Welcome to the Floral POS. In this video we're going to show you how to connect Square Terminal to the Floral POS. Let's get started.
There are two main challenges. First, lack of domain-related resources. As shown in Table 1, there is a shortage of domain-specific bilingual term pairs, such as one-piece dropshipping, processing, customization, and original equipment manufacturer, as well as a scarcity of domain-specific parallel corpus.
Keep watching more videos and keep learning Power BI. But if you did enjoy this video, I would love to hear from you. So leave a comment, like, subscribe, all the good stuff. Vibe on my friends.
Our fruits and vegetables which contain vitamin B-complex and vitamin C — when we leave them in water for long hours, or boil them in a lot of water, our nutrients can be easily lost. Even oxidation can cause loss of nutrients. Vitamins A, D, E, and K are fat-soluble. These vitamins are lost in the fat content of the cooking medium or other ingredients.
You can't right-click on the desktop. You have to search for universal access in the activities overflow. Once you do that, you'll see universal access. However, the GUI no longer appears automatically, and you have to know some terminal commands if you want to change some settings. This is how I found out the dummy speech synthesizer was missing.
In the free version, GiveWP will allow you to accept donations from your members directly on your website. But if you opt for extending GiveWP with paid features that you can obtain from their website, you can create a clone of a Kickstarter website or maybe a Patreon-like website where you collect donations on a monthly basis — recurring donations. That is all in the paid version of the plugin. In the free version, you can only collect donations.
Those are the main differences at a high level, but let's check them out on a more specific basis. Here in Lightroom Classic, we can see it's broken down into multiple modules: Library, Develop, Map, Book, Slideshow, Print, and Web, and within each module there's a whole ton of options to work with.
● ● ● ●
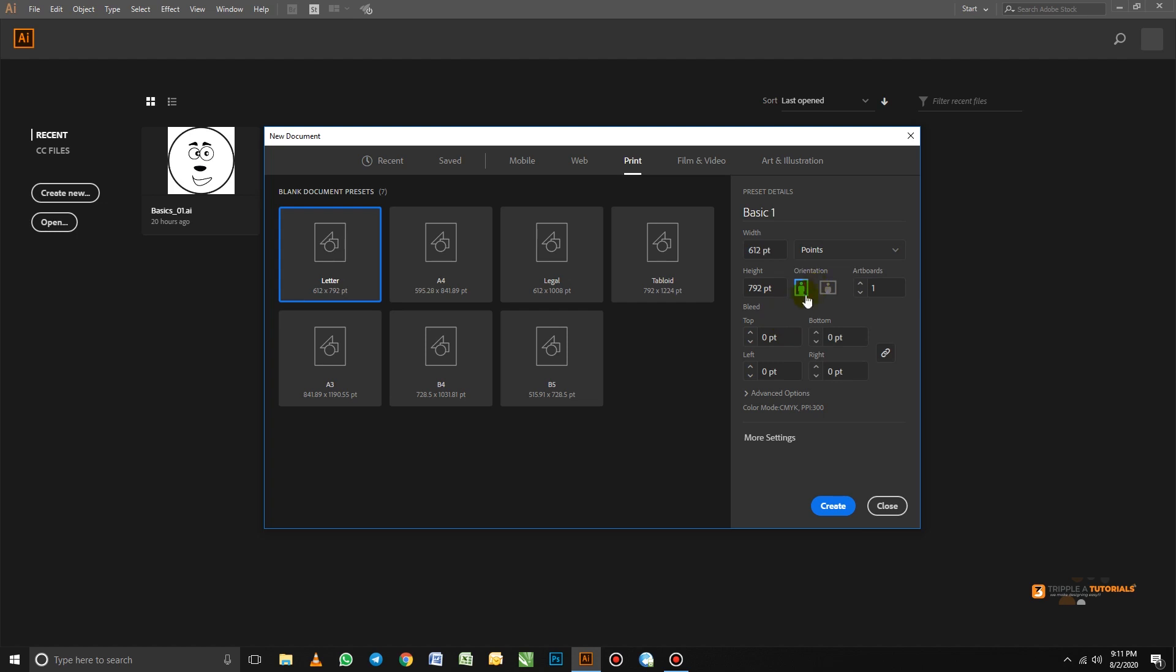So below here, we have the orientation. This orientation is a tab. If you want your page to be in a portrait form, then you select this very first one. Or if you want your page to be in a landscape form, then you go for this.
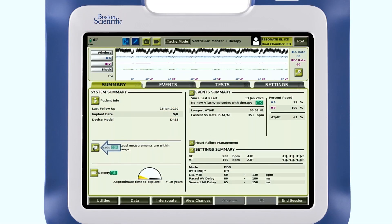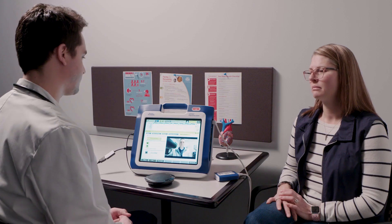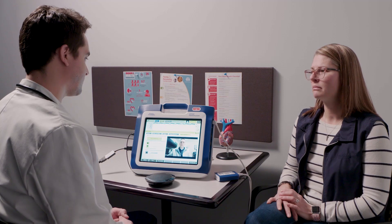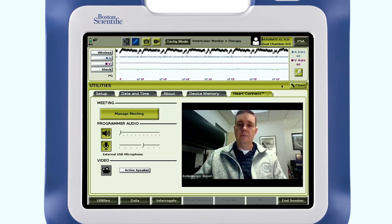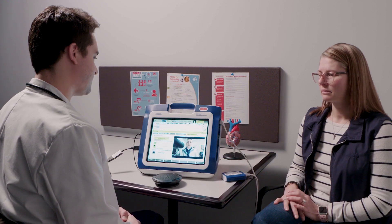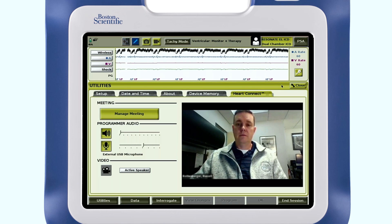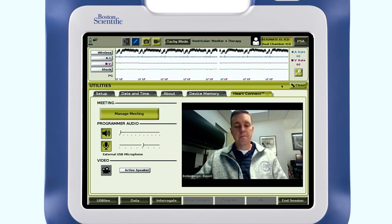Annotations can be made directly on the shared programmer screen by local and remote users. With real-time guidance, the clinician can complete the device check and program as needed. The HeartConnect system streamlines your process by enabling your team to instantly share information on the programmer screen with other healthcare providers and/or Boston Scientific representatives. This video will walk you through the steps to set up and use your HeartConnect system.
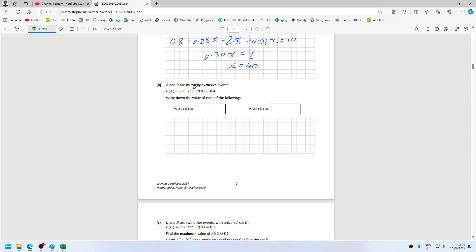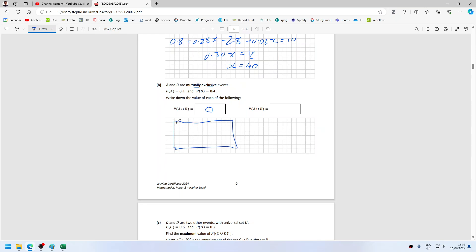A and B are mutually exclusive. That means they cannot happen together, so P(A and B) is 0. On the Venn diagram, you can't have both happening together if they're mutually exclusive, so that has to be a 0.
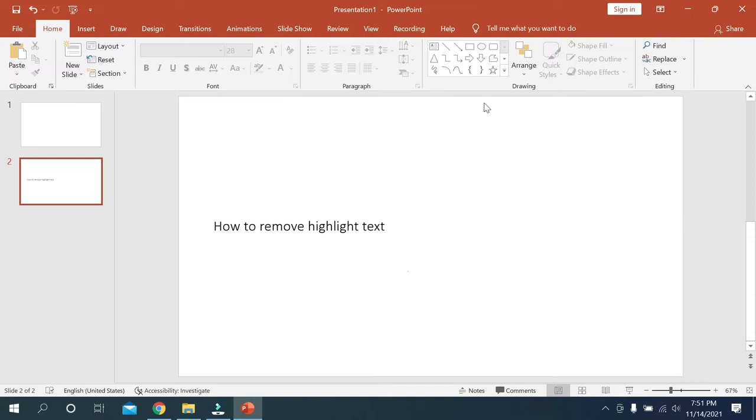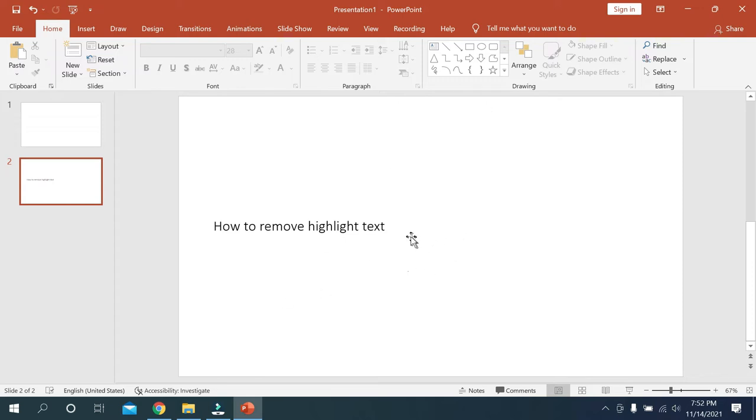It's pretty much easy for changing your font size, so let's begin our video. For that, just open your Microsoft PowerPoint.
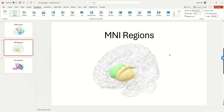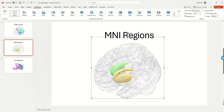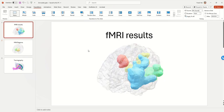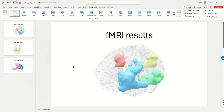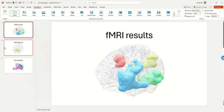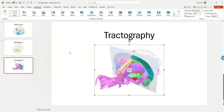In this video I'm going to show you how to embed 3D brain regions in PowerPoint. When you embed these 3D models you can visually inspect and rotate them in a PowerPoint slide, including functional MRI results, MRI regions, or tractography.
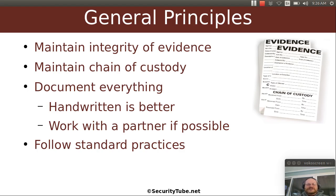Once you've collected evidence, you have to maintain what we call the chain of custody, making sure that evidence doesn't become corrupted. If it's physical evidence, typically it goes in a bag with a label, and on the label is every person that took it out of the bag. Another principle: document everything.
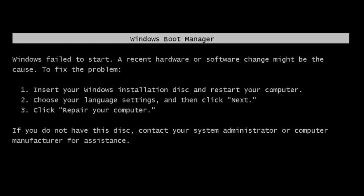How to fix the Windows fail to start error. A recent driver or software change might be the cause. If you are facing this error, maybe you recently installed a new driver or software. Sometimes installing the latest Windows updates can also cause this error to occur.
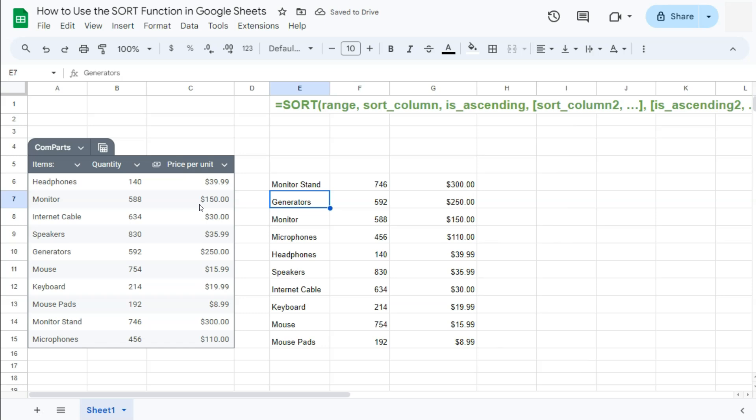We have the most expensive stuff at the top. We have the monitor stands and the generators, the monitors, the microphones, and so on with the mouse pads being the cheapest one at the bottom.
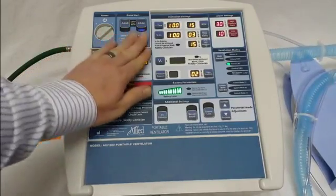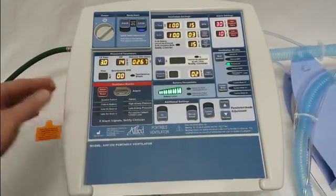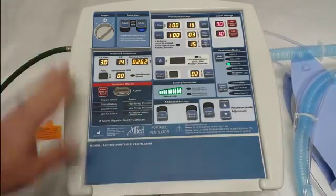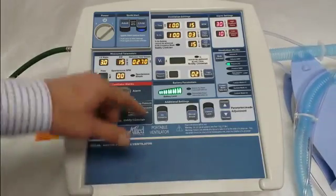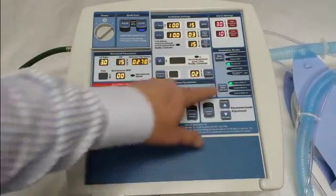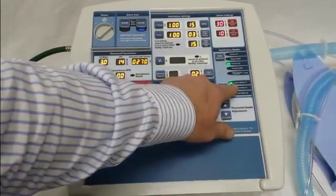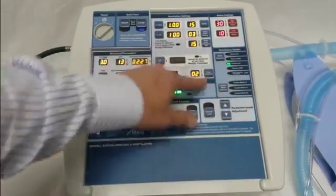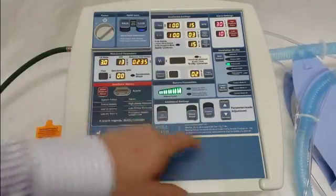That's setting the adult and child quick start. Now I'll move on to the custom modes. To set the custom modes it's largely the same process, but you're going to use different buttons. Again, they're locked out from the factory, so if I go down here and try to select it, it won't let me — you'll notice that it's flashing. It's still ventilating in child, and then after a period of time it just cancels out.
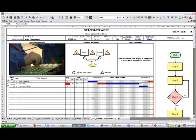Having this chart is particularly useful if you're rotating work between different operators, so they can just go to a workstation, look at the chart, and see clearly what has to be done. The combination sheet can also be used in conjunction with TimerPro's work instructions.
● ● ● ●
> **WHAT YOU NEED TO DO**
Transcribe the records above from the line holding "You can't right-click" down to the line holding "Those are the", inclusive, without adding anything.

> **THE ANSWER**
You can't right-click on the desktop. You have to search for universal access in the activities overflow. Once you do that, you'll see universal access. However, the GUI no longer appears automatically, and you have to know some terminal commands if you want to change some settings. This is how I found out the dummy speech synthesizer was missing.
In the free version, GiveWP will allow you to accept donations from your members directly on your website. But if you opt for extending GiveWP with paid features that you can obtain from their website, you can create a clone of a Kickstarter website or maybe a Patreon-like website where you collect donations on a monthly basis — recurring donations. That is all in the paid version of the plugin. In the free version, you can only collect donations.
Those are the main differences at a high level, but let's check them out on a more specific basis. Here in Lightroom Classic, we can see it's broken down into multiple modules: Library, Develop, Map, Book, Slideshow, Print, and Web, and within each module there's a whole ton of options to work with.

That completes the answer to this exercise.